> _What the exercise asks_:
From the records below, transcribe exactly the lines that begin at the line with "Lancia Ypsilon 1.0" and end at the line with "Solution de rangement", both included.

> _Material shown_:
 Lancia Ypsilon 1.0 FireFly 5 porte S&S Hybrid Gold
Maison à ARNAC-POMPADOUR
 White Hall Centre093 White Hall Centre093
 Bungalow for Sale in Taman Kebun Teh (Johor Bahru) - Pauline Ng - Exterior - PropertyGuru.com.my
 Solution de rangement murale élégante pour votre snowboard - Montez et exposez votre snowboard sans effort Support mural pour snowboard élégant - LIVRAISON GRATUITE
* * *
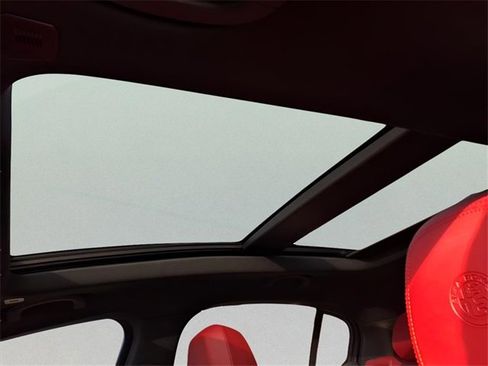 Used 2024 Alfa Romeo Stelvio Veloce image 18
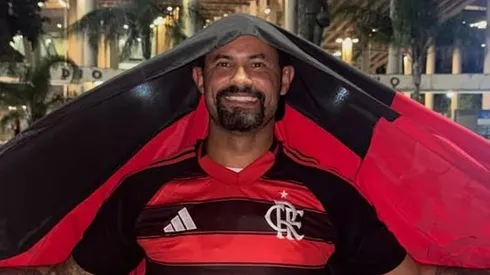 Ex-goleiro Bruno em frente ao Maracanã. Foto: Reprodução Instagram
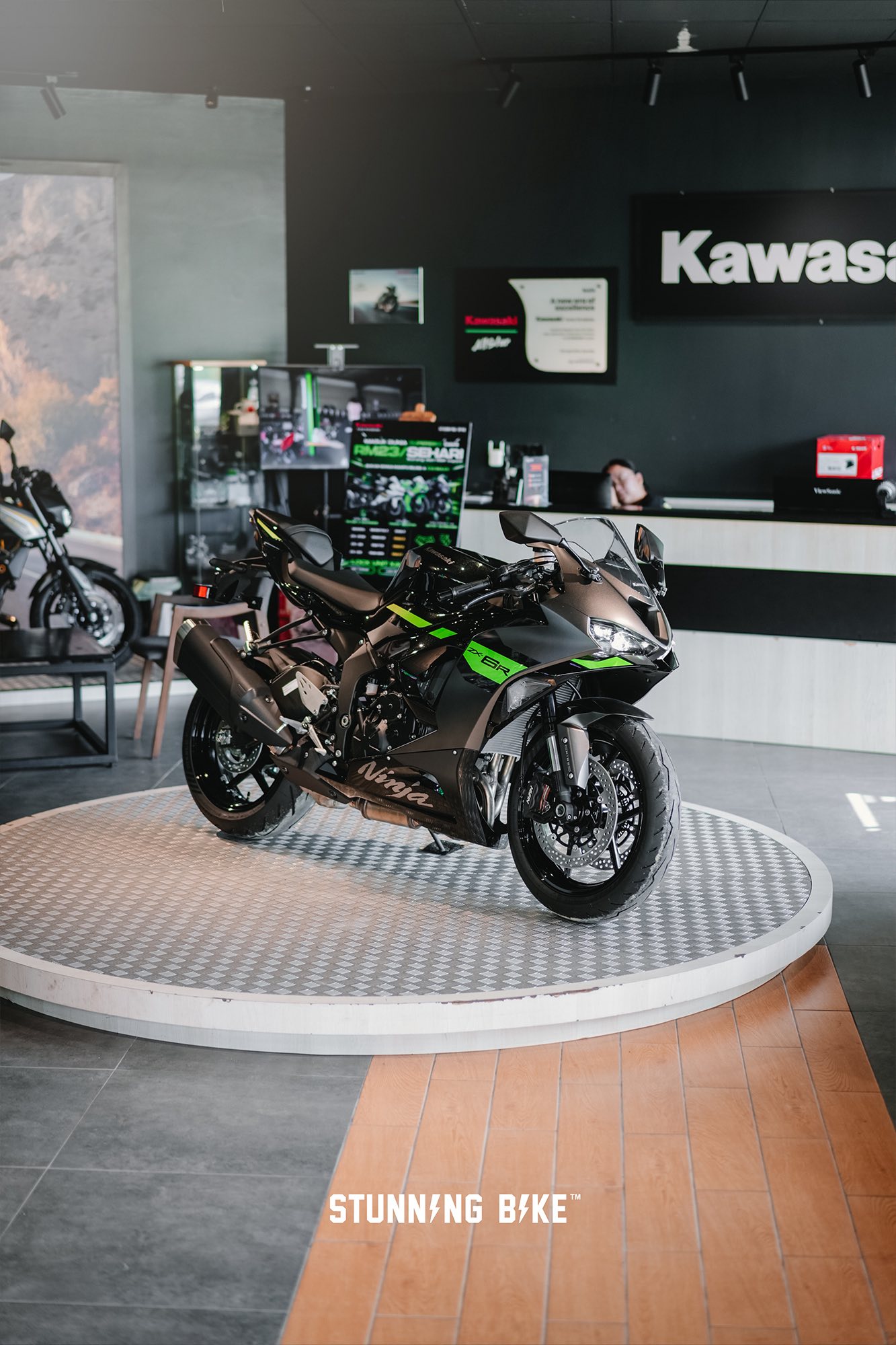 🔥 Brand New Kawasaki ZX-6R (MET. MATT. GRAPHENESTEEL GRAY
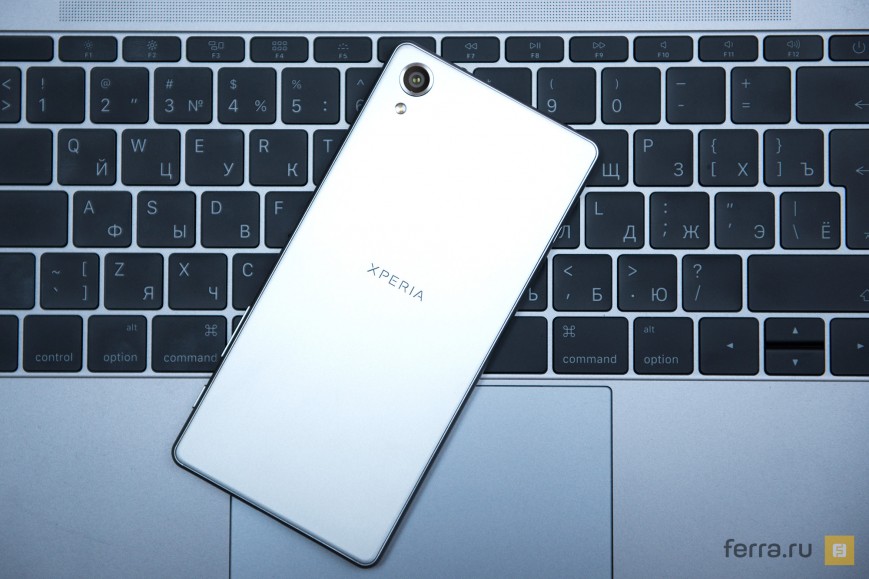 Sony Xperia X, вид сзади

> _Response area_:
 Lancia Ypsilon 1.0 FireFly 5 porte S&S Hybrid Gold
Maison à ARNAC-POMPADOUR
 White Hall Centre093 White Hall Centre093
 Bungalow for Sale in Taman Kebun Teh (Johor Bahru) - Pauline Ng - Exterior - PropertyGuru.com.my
 Solution de rangement murale élégante pour votre snowboard - Montez et exposez votre snowboard sans effort Support mural pour snowboard élégant - LIVRAISON GRATUITE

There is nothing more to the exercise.